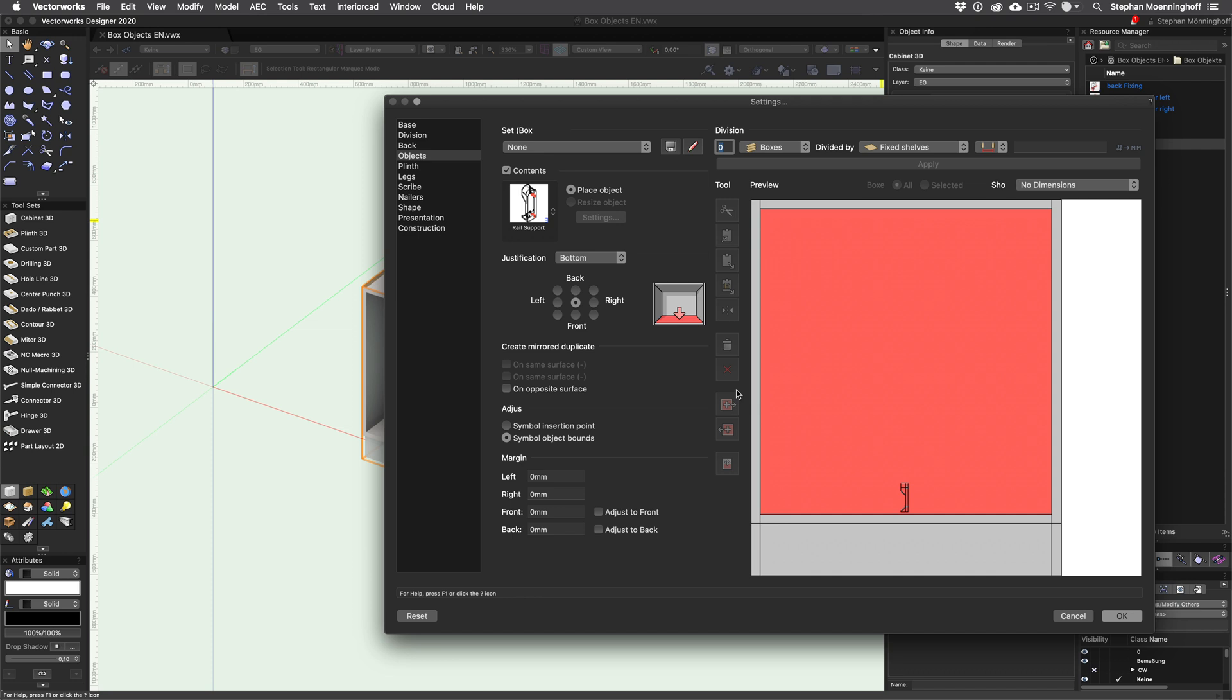You've probably noticed that the rail support has not been positioned correctly yet. I can change this by switching to top and enabling front left orientation.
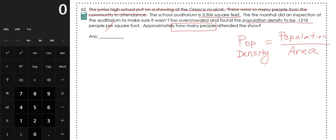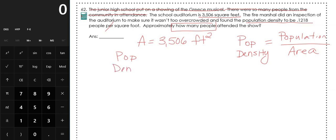Going back into the prompt, they gave us a couple of things. First, they gave us 3,506 square feet — so what they gave us is the area. We don't care what shape the auditorium is because they've already told us the area; they've done the work for us. They also gave us the population density, which is 0.1218 people per square foot.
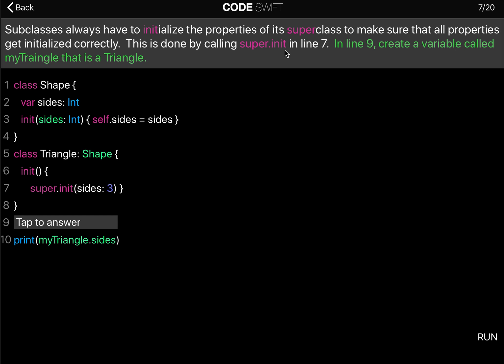In line 9 create a variable called myTriangle that is a triangle. So here we have a class called Shape. We can specify how many sides the shape has. And you can see that we have an initializer where we pass in a parameter called sides. That's an integer and then we say self.sides equals sides.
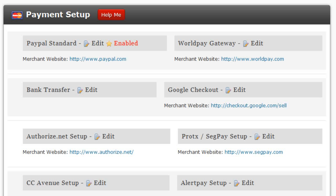Each of the payment gateways you set up requires you to first create an account with that payment merchant website. So for example, if you wish to take payments via PayPal, you must first create an account with PayPal. If you wish to accept payments via WorldPay, you must first create an account with WorldPay.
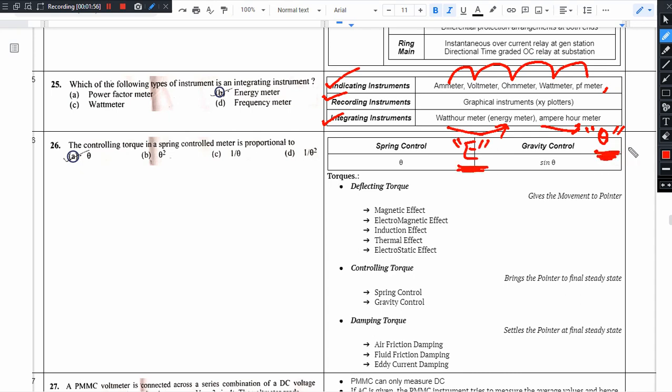So in this question, what is the integrating type of instrument? Power factor meter is the instantaneous value, that is indicating instrument. Wattmeter is the power, that is also instantaneous power, so it is also indicating instrument. Frequency meter is also instantaneous frequency, so this is also indicating instrument.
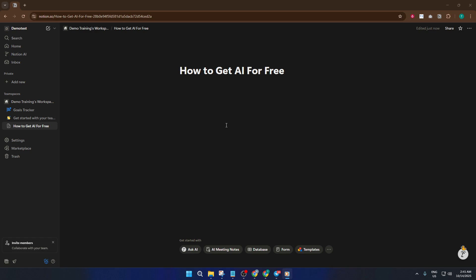Now take a look at the bottom right corner of your Notion window. You should see a small AI chat widget sitting there. It's pretty easy to spot once you look for it — it's like having a friendly assistant always on standby. All you need to do is click that widget.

Prompt:
Exactly the lines from the one containing "Going back into" to the end of the records above, both end lines included, are to be printed, and no pictures with them.

Answer to this exercise:
Going back into the prompt, they gave us a couple of things. First, they gave us 3,506 square feet — so what they gave us is the area. We don't care what shape the auditorium is because they've already told us the area; they've done the work for us. They also gave us the population density, which is 0.1218 people per square foot.
In line 9 create a variable called myTriangle that is a triangle. So here we have a class called Shape. We can specify how many sides the shape has. And you can see that we have an initializer where we pass in a parameter called sides. That's an integer and then we say self.sides equals sides.
Each of the payment gateways you set up requires you to first create an account with that payment merchant website. So for example, if you wish to take payments via PayPal, you must first create an account with PayPal. If you wish to accept payments via WorldPay, you must first create an account with WorldPay.
So in this question, what is the integrating type of instrument? Power factor meter is the instantaneous value, that is indicating instrument. Wattmeter is the power, that is also instantaneous power, so it is also indicating instrument. Frequency meter is also instantaneous frequency, so this is also indicating instrument.
Now take a look at the bottom right corner of your Notion window. You should see a small AI chat widget sitting there. It's pretty easy to spot once you look for it — it's like having a friendly assistant always on standby. All you need to do is click that widget.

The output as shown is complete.